Toward the conclusion of Mr. Beals’ first year as Alvirne principal, he instituted a new recognition process to select teacher of the year and para-professional of the year as nominated by the staff. Beals was proud to present the 2013 Teacher of the Year Award to Phyllis Appler at the final all-school assembly at the dress rehearsal for the graduating seniors. Phyllis received a standing ovation from everyone in the crowded gymnasium. Phyllis was also recognized at a luncheon with other retirees at a later date.

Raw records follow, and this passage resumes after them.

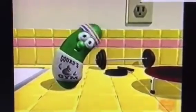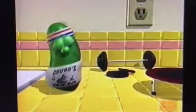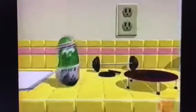Hey kids, I'm Larry the Cucumber. Welcome to the very first VeggieTales workout video. I hope you're ready to sweat. I know I am.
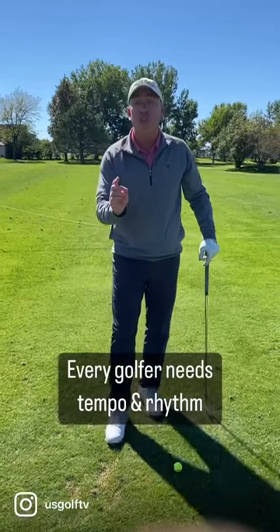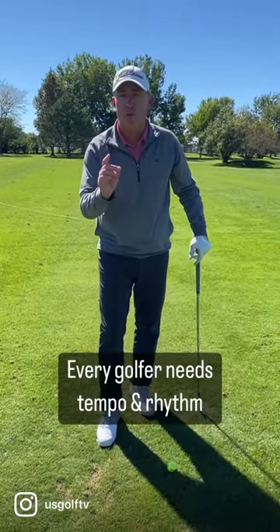Today I'm going to show you how you should start your golf swing for good tempo and good rhythm. Here's what most of you are doing and why you struggle.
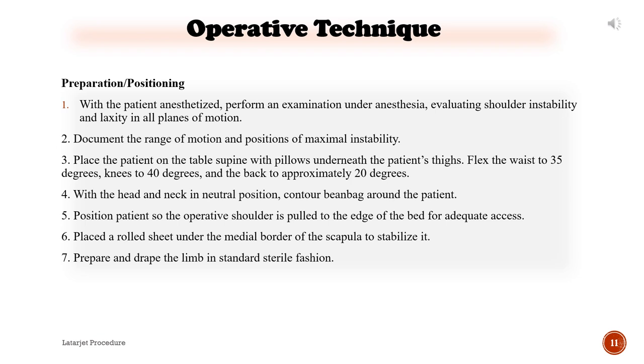Operative technique — preparation and positioning: 1) With the patient anesthetized, perform an examination under anesthesia, evaluating shoulder instability and laxity in all planes of motion. 2) Document the range of motion and positions of maximal instability. 3) Place the patient supine with pillows underneath the patient's thighs. Flex the waist to 35 degrees, knees to 40 degrees, and the back to approximately 20 degrees. 4) With the head and neck in a neutral position, contour a beanbag around the patient. 5) Position the patient so the operative shoulder is pulled to the edge of the bed for adequate access.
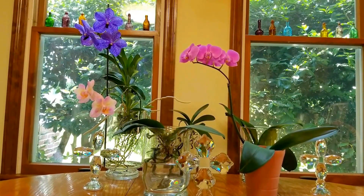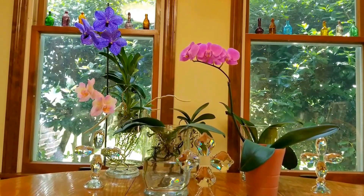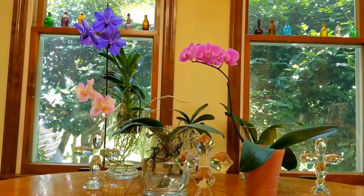What I do here is I have blinds on these windows, and at night — especially when it gets really cold — I will just pull those blinds down to help keep the room warmer and to help protect the orchids as well.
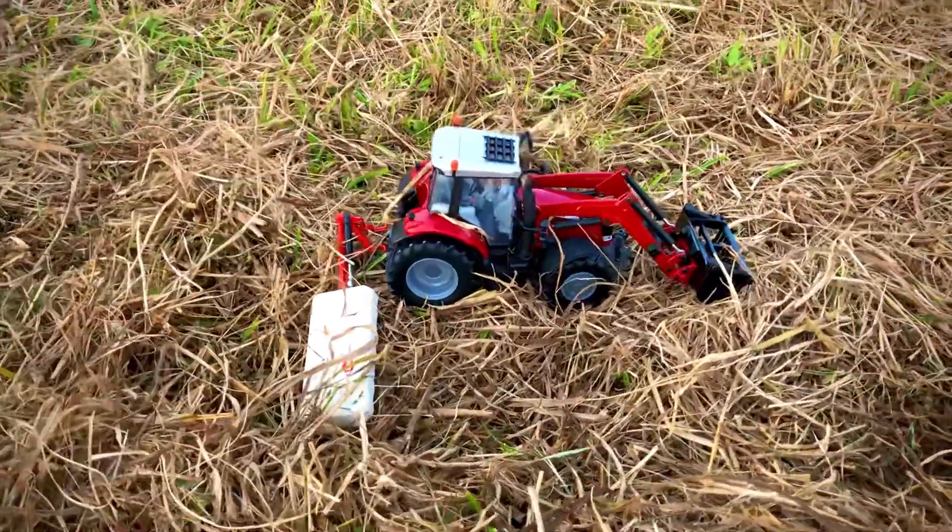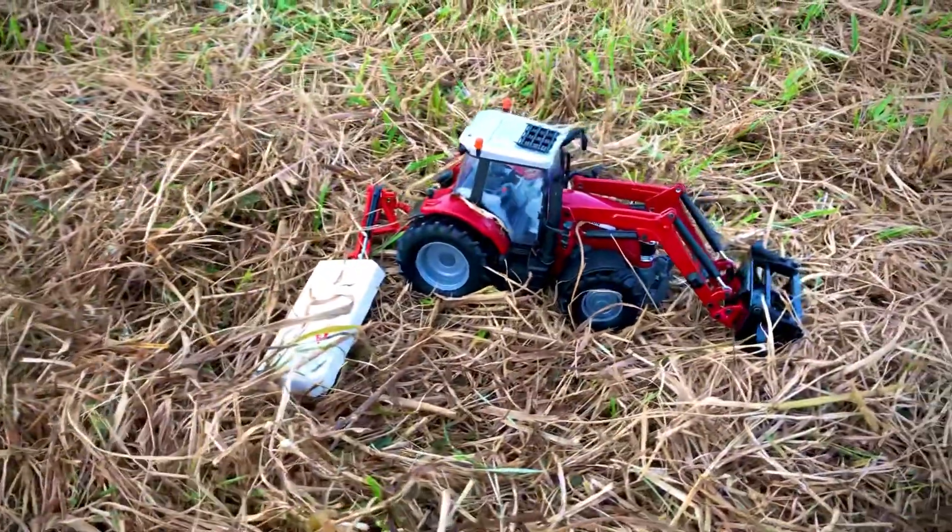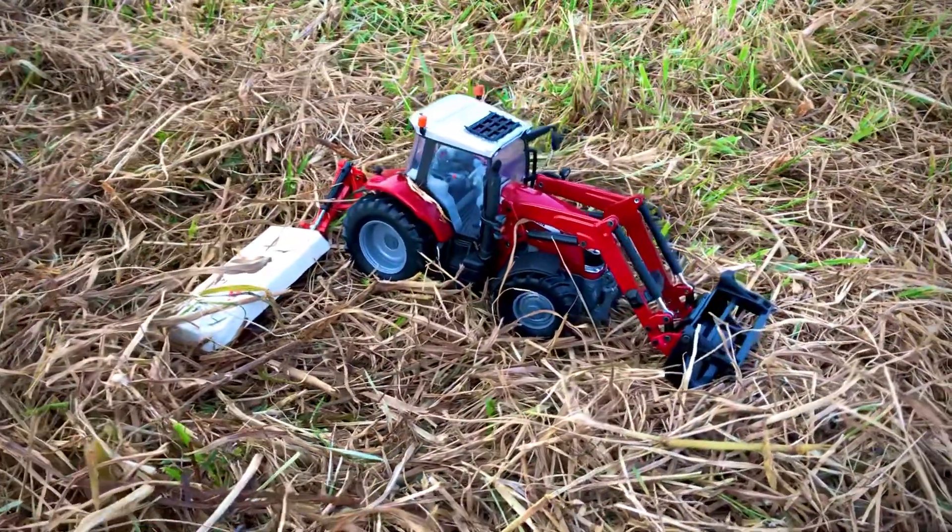First up we've got a 6600 with a vinyl grab on the front and a Kuhn 6600 mower on the back.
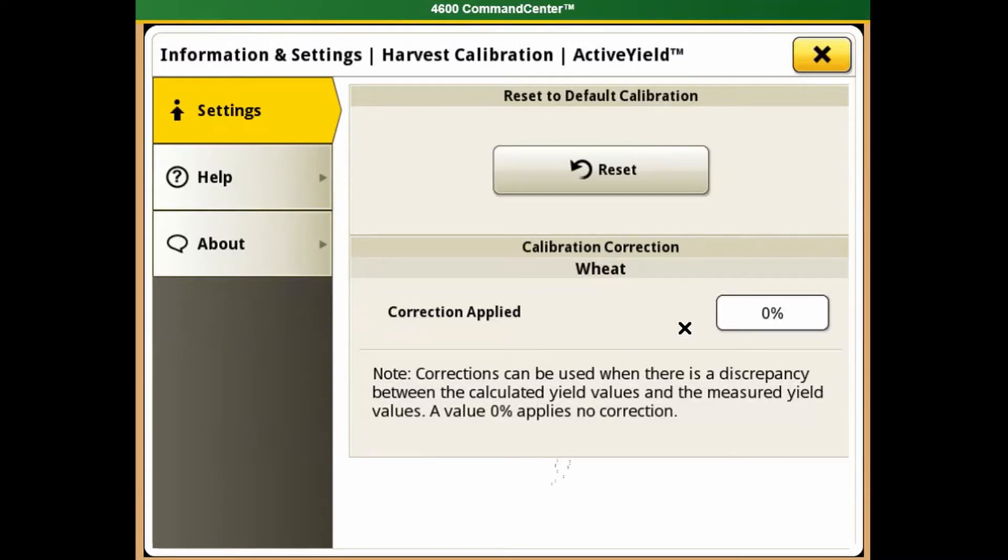If you change varieties, or for some reason your crop totals seem to be off, you can always start by clicking the Reset button. The Reset button will clear all your totals that you have collected, and it will start calibrating from scratch.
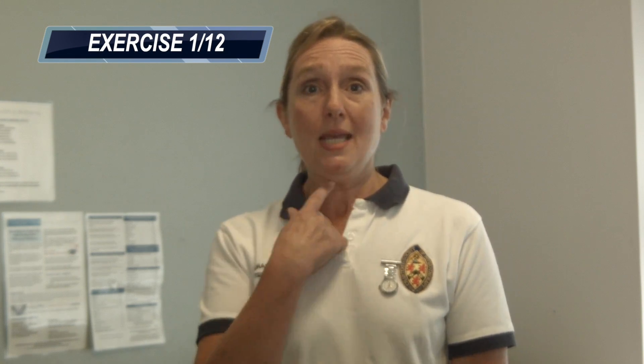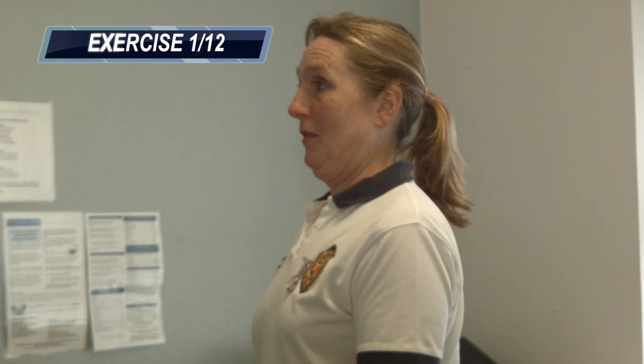Exercise one is to tuck your chin in — it's to straighten out the top of your spine. You're going to get a nice double chin here and then out again; we're going to do that three times. That's really important to straighten out the top of your spine because most of the day we'll always sit too far down and in.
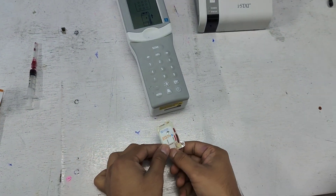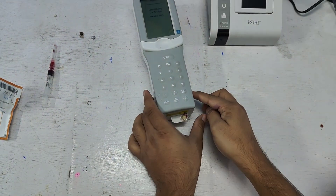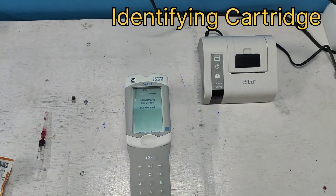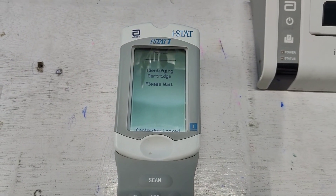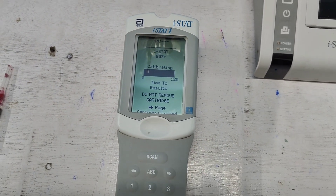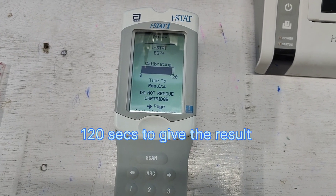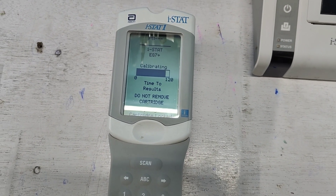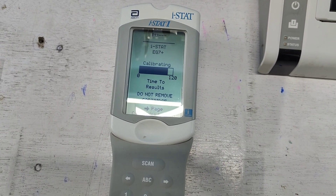Now let's insert the cartridge into the machine. The machine says 'identifying cartridge, please wait.' The cartridge is locked. It now shows the time — calibrating, 0 to 120 seconds. Time to result: do not remove the cartridge during this process. Let's see what happens after 120 seconds.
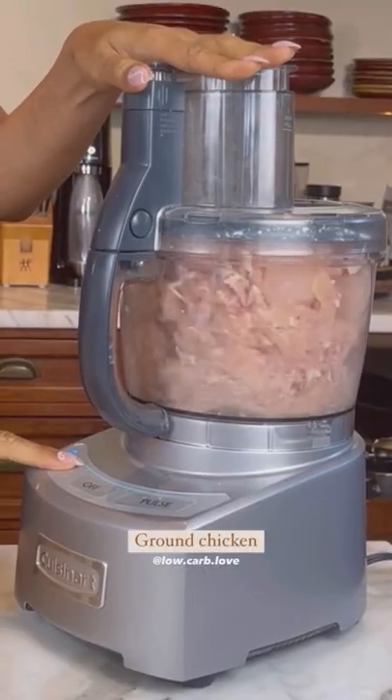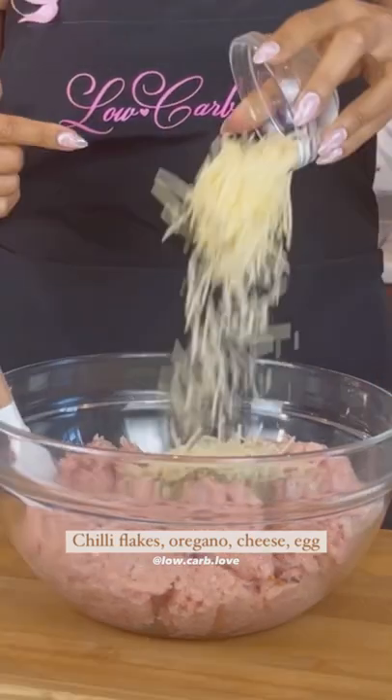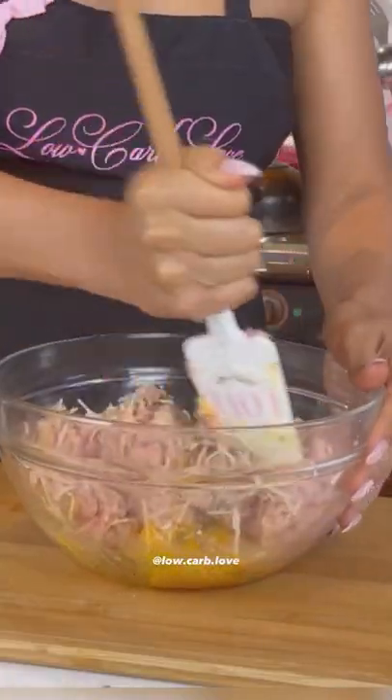I grew up eating pizza, but have you ever tried making pizza out of chicken? You're going to start with ground chicken — you can make your own like I did. Add all your seasonings, your cheese, eggs, and mix that together to form your dough.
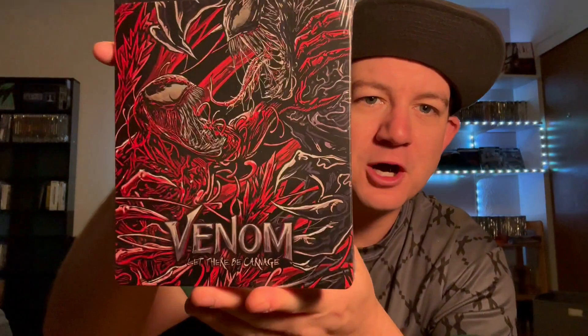Today I wanted to do a quick unboxing of the 4K steelbook of Venom: Let There Be Carnage. This is the reprint that Sony was doing with a bunch of them. I held off on getting this for the longest time — I didn't really love this movie, I didn't hate it, but it definitely wasn't as good as the first one in my opinion.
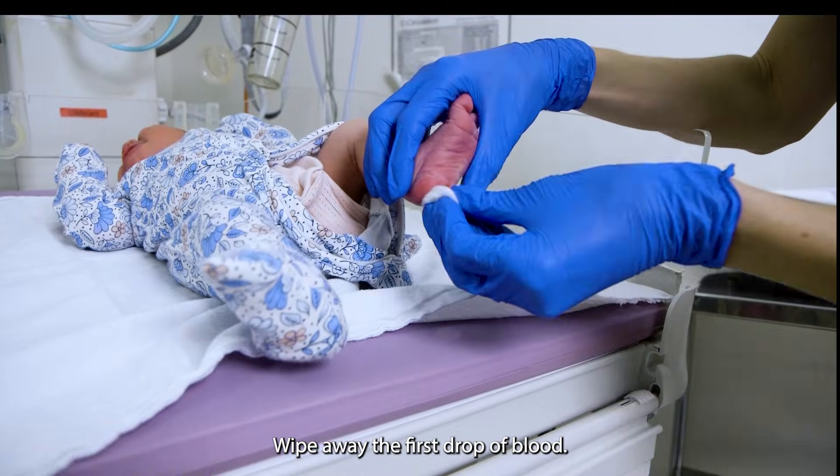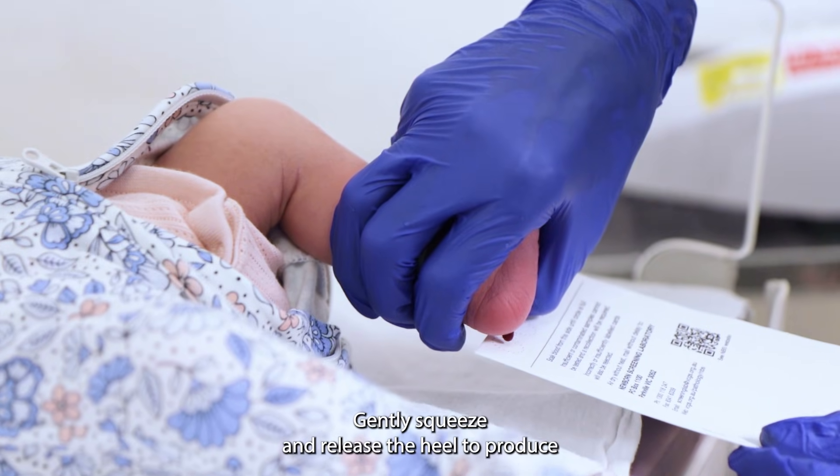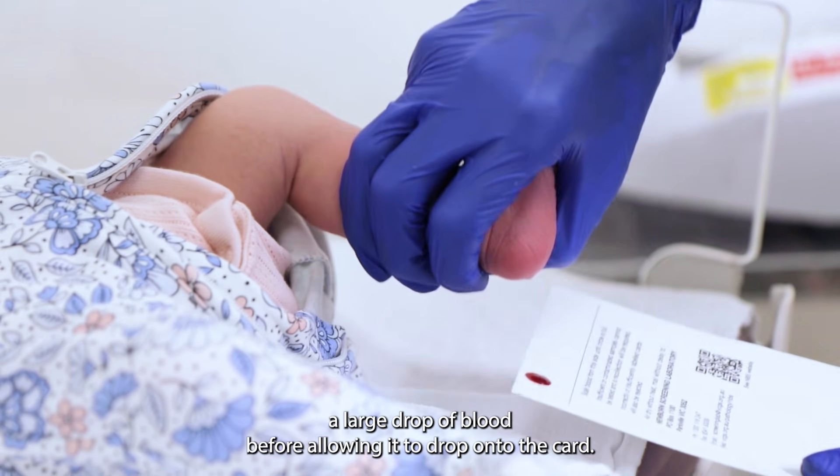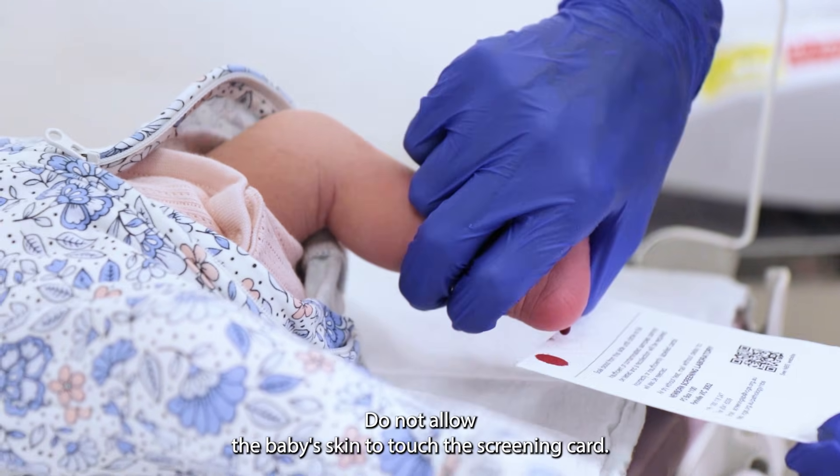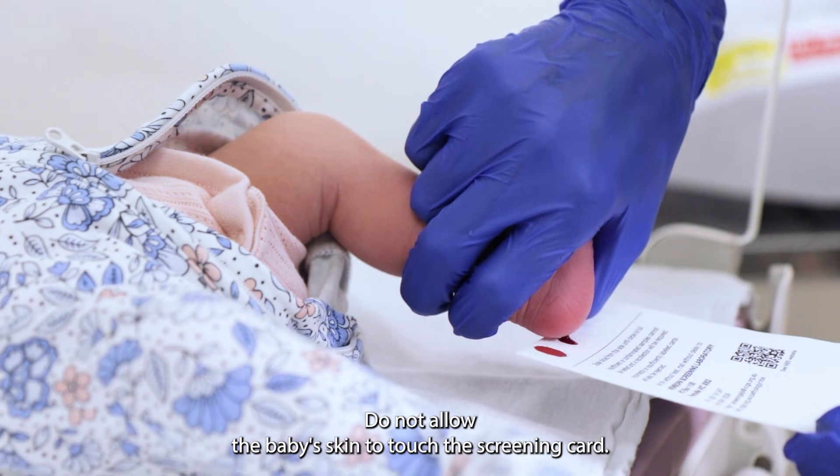Wipe away the first drop of blood. Gently squeeze and release the heel to produce a large drop of blood before allowing it to drop onto the card. Do not allow the baby's skin to touch the screening card.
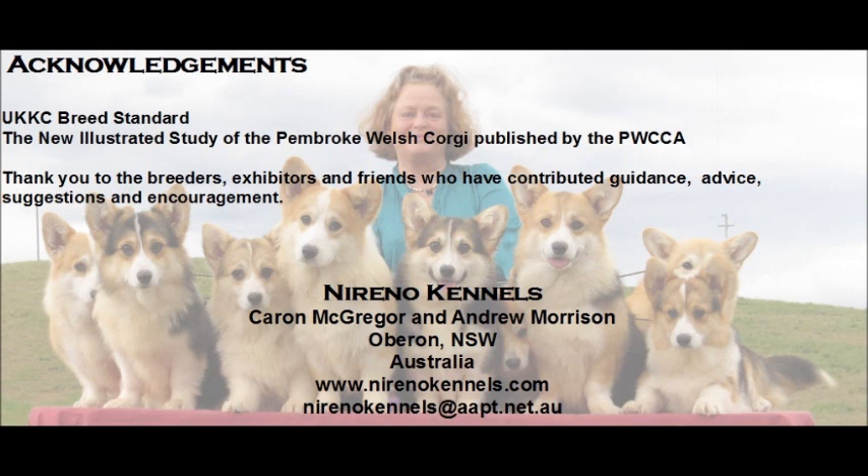To those people who have watched this video, we thank you for your interest and hope you find it useful. To those that have advised, supported and encouraged us to make it, we hope you like it. Thank you.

In addition to her teaching, Phyllis connected the generations of Alvirne faculty and staff. She stayed in contact with those who had retired and would email updates regularly. Phyllis was pleased to learn that she will be receiving updates now from her successor, math teacher and Alvirne alumna Suzanne Sawyer.
Phyllis’ love for biology and nature continues outside the classroom, and includes her wide collection of nature inspired jewelry. When we met, she was proudly wearing a pretty birdcage necklace, with a bird inside and a cat on top. This was a gift from her final group of students, who also threw her a surprise party, complete with biology related theme and even a special yearbook, which they all signed.
Phyllis will continue as co-president with Linda Kipnes of the GFWC Hudson Community Club, whose big project is the beautiful butterfly garden at Benson Park.
She is also Outreach Chair of the state GFWC NH and Missions Chair at Main Street United Methodist Church in Nashua.
She will also remain on Alvirne’s Farm Committee, which started the Community Garden at Alvirne. “The Community Garden is neat because it connects everything I do,” said Phyllis. Approximately five years ago, several families from Burundi, Africa arrived in Nashua at church and didn’t speak any English. They help farm a plot of the Community Garden.
For the immediate future, Phyllis and her husband are preparing for their son Doug’s wedding at the end of September. Daughter Vivian is working on her PhD in theater practice at the University of Pittsburgh.
“My career ends on a very high note, to be teacher of the year, my last year, is very special,” Phyllis said, with emotion.
Phyllis Appler certainly is a Hudson Community gem.